• Action item:
Find the line that contains "CAJONERA DE BAÑO" in the entries below. Write out that line and all that follow it, unchanged and alone.

• Data provided:
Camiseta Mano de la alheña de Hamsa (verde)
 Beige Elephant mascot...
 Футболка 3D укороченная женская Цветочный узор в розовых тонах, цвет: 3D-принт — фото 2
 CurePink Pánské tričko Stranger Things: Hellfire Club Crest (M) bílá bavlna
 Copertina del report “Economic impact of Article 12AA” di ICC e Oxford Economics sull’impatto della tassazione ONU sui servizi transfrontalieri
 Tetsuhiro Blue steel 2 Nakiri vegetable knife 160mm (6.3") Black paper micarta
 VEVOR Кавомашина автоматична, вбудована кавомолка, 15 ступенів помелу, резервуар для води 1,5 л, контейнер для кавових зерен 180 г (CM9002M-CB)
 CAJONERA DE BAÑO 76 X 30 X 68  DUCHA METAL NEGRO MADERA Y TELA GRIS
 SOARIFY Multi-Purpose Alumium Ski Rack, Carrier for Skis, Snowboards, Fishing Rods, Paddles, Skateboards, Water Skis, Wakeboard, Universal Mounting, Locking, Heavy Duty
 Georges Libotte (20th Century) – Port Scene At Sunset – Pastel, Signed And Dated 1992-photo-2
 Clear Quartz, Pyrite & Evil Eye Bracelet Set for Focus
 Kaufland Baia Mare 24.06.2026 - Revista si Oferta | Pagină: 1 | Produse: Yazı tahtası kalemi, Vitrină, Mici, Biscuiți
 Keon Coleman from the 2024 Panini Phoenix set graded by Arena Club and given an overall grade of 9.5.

• Exercise result:
 CAJONERA DE BAÑO 76 X 30 X 68  DUCHA METAL NEGRO MADERA Y TELA GRIS
 SOARIFY Multi-Purpose Alumium Ski Rack, Carrier for Skis, Snowboards, Fishing Rods, Paddles, Skateboards, Water Skis, Wakeboard, Universal Mounting, Locking, Heavy Duty
 Georges Libotte (20th Century) – Port Scene At Sunset – Pastel, Signed And Dated 1992-photo-2
 Clear Quartz, Pyrite & Evil Eye Bracelet Set for Focus
 Kaufland Baia Mare 24.06.2026 - Revista si Oferta | Pagină: 1 | Produse: Yazı tahtası kalemi, Vitrină, Mici, Biscuiți
 Keon Coleman from the 2024 Panini Phoenix set graded by Arena Club and given an overall grade of 9.5.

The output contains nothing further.